Is there any significance to the names of the licences and applications?
The names of the licences and applications hold no significance. The names of the four Southern licences run alphabetically and reflect ‘traditional’ Bahamian family names rather than pertaining to any particular person, or persons related to the oil industry or Bahamas Petroleum Company.
What are the main components of the Maritime Agreement and how does it affect Bahamas Petroleum Company?
The agreement delimiting the maritime boundaries of The Bahamas and Cuba was signed on 3 October, 2011, by the Deputy Prime Minister and Minister of Foreign Affairs Brent Symonette. This agreement defines the dividing line between the two countries and the limits of territorial waters. Further, it defines the exclusive economic zones and continental shelves between the two nations which then also allows for cooperation in the management of living and non-living marine resources in the area. The agreement delivers on the Government assurances to protect not only the Bahamian borders but also the extent of the granted exploration licences. This affords Bahamas Petroleum Company certainty as it relates to the limits and extent of its currently held exploration licences.
What are the Act(s) governing petroleum activities in The Bahamas?
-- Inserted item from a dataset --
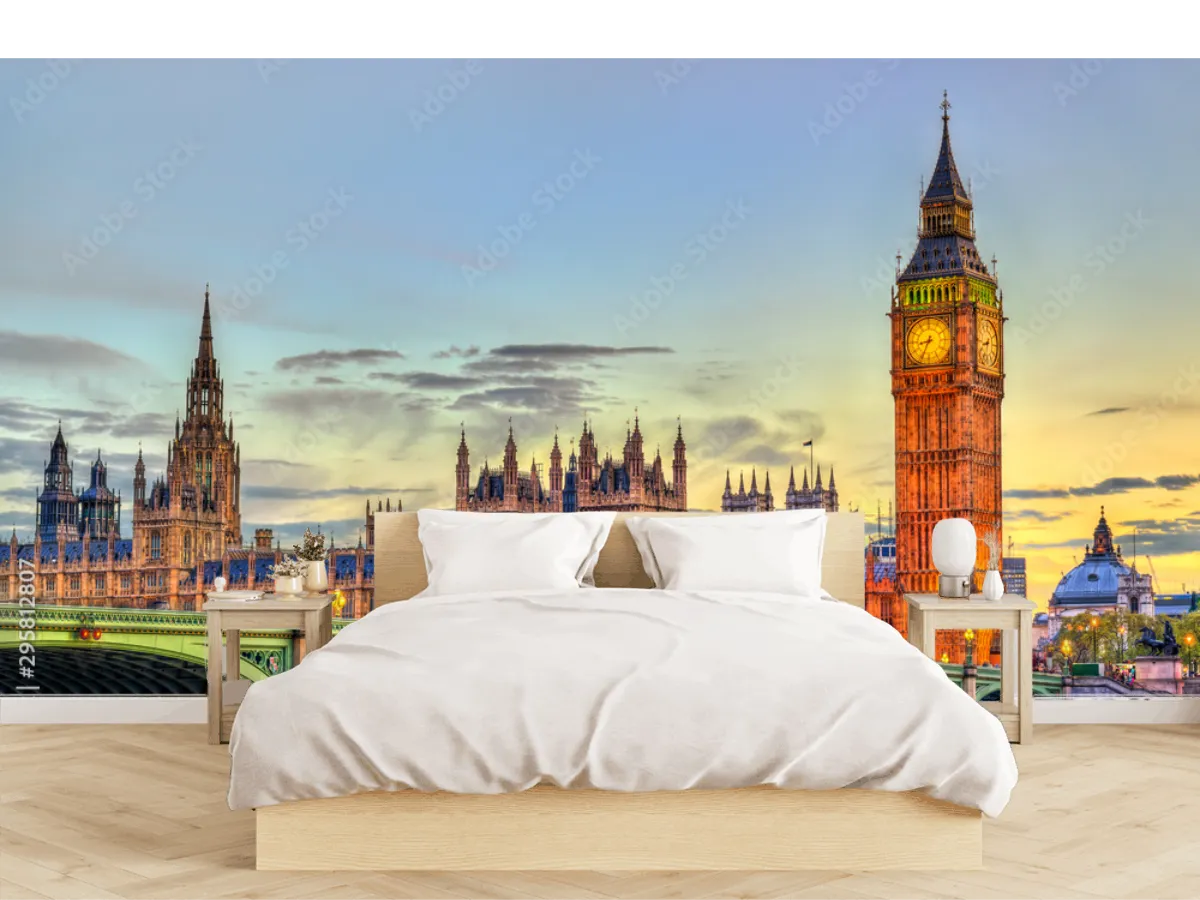 Mural Londres Atardecer Iconico Vinil Arquitectónico o Papel Tapiz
What do they allow?
Bahamas Petroleum Company four southern licences, namely, Bain, Cooper Donaldson and Eneas, remains to be governed by The Petroleum Act (‘the Act’) 1971 Chp 219 and the Petroleum Regulations 1978 Chp 219.The Petroleum Act (‘the Act’) 1971 Chp 219, governs Petroleum exploration, making provisions for the granting of Permits, Licences and Leases. Additionally, the Act covers the level of Royalties and granting of all rights required by a licensee or lessee in order that petroleum may be searched for, bored for, gotten, stored, treated, converted, or carried away. The Act is further refined by the Petroleum Regulations 1978 Chp 219; which goes beyond simply defining the term of the licence to actually detailing the procedures and obligations for the licence and/or lease. For instance, where the Act speaks only to Petroleum exploration; the Regulations specifically deal with the Term and Renewal of Licences, Expenditure and Pooling of Expenditure as well as Abandonment, Completion and Suspension of wells; etc.
In 2016, that Bahamas Government recently introduced four new pieces of legislation to modernize and regulate the Petroleum Industry in the Bahamas.The Petroleum Act 2016, the Petroleum Regulations 2016, the Petroleum (Health and Safety) Regulations 2016 and the Petroleum (Environmental Protection and Pollution Control) Regulation 2016 were all passed by Parliament and became law. Though the Company four southern licences have been grandfathered to the old Petroleum Legislation; Bahamas Petroleum Company exploration project and operations will not be disadvantaged. The Company has been advised that where the provisions of the old legislation are disadvantages or silent on matters of importance to the project development and success, the Minister will rely on the updated provisions of the Petroleum Act 2016 and the Petroleum Regulations 2016.
Additionally, the new regulations that will govern exploration of Petroleum in the Bahamas are the Petroleum (Health and Safety) Regulations 2016 and the Petroleum (Offshore Environmental Protection and Pollution Control) Regulations 2016. The H&S Regulations address matters of health and safety in the operation of facilities for petroleum exploration and extraction in The Bahamas. The H&S Regulations also address different health and safety requirements and reflects best international standards and practice for the safe operations of petroleum facilities. Further, the OEPPC Regulations provides rules for offshore installations related to the monitoring and prevention of pollution and or damage to the marine environment, the Bahamas and surrounding areas.
When were the current Licences awarded? And, what are the key terms and obligations?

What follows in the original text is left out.